Drug evidence found in a vehicle in the garage of a home where police were looking for evidence of a prior assault should not have been suppressed, the Indiana Court of Appeals ruled in a reversal Friday.
“We recognize that Hoosiers have a heightened expectation of privacy in their vehicles. … However, we find … a search warrant authorizing a search of a particularly described premises permits the search of vehicles owned or controlled by the owner of, and found on, the premises,” Judge Patricia Riley wrote Friday, reinstating drug evidence against a man that had been suppressed in Tippecanoe Superior Court.
In State of Indiana v. Lawrence Lucas, 18A-CR-92, the trial court deemed evidence of synthetic marijuana found in a vehicle parked in Lawrence Lucas’ garage in Lafayette inadmissible under a warrant that had been issued to search for evidence of a prior assault.
Lafayette Police Sgt.
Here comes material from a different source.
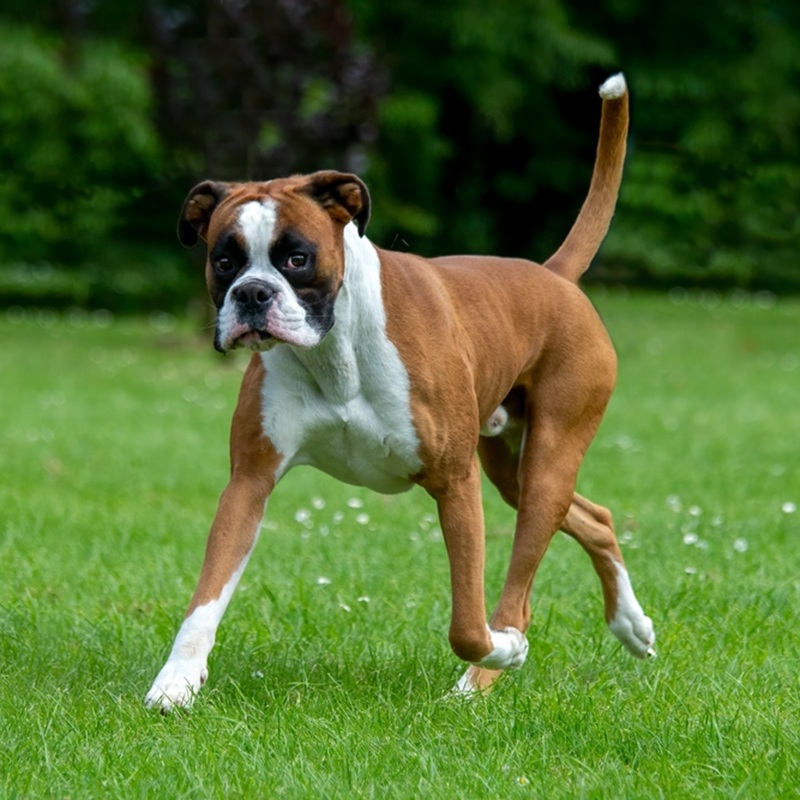 Ein Boxer Hund mit braun-weißem Fell und schwarzer Maske steht auf einer grünen Wiese.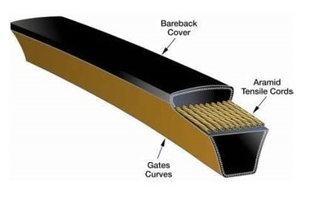 Predator Belt Cutaway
Matthew Gard was executing a warrant at Lucas’ home to look for a baseball bat, bloody clothes and blood evidence from an assault at the home reported earlier that allegedly had been perpetrated by Lucas’ sister. The warrant authorized a search of a home with an attached garage to look for that evidence, and money and a cellphone that the assault victim claimed had been stolen from him.
Gard found the bat and blood evidence allegedly used in the attack in the kitchen, then went into the garage. There he found a bloodied jacket matching the description of the victim’s on the ground next to the vehicle. He then looked inside the vehicle and discovered a large mound on the back seat covered by a blanket. He reached inside, moved the blanket and discovered what appeared to be synthetic marijuana.
After this discovery and the observation of other evidence of narcotics, Gard stopped his search and procured a second warrant for the drugs, yielding additional evidence. Lucas was charged with Level 4 felony possession of a firearm by a serious violent felon; Level 6 felony counts of dealing in a synthetic drug or synthetic drug lookalike substance and maintaining a common nuisance; and Class A misdemeanor possession of a synthetic drug or synthetic drug lookalike substance.
But last December, the trial court granted Lucas’ motion to suppress, ruling the officer’s entry into the vehicle and moving the blanket exceeded the scope of the warrant, rendering all subsequent evidence inadmissible.
While noting the decision did not address unraised claims under the Indiana Constitution, the COA held that the search in this case did not violate Fourth Amendment protections against unreasonable search and seizure, citing United States v. Percival, 756 F.2d 600 (7th Cir. 1985).
“Here, Sergeant Gard procured a search warrant for Lucas’ ‘two story home with an attached two car garage’ to search for ‘[c]lothing, [a] baseball bat, a cellular phone, U.S. currency, blood evidence or any evidence relating to an assault and/or theft occurring with said residence,’” Riley wrote. “When Sergeant Gard entered the garage, he had not yet located the cell phone or the $60 (the victim) had reported stolen. Sergeant Gard was permitted to search the black vehicle and, in the process, to lift the blanket covering the large mound located in the back seat, because the vehicle and the mound were capable of containing those objects.
“The State has shown that the trial court’s ruling granting Lucas’ motion to suppress was contrary to law,” the panel held, remanding the case for further proceedings.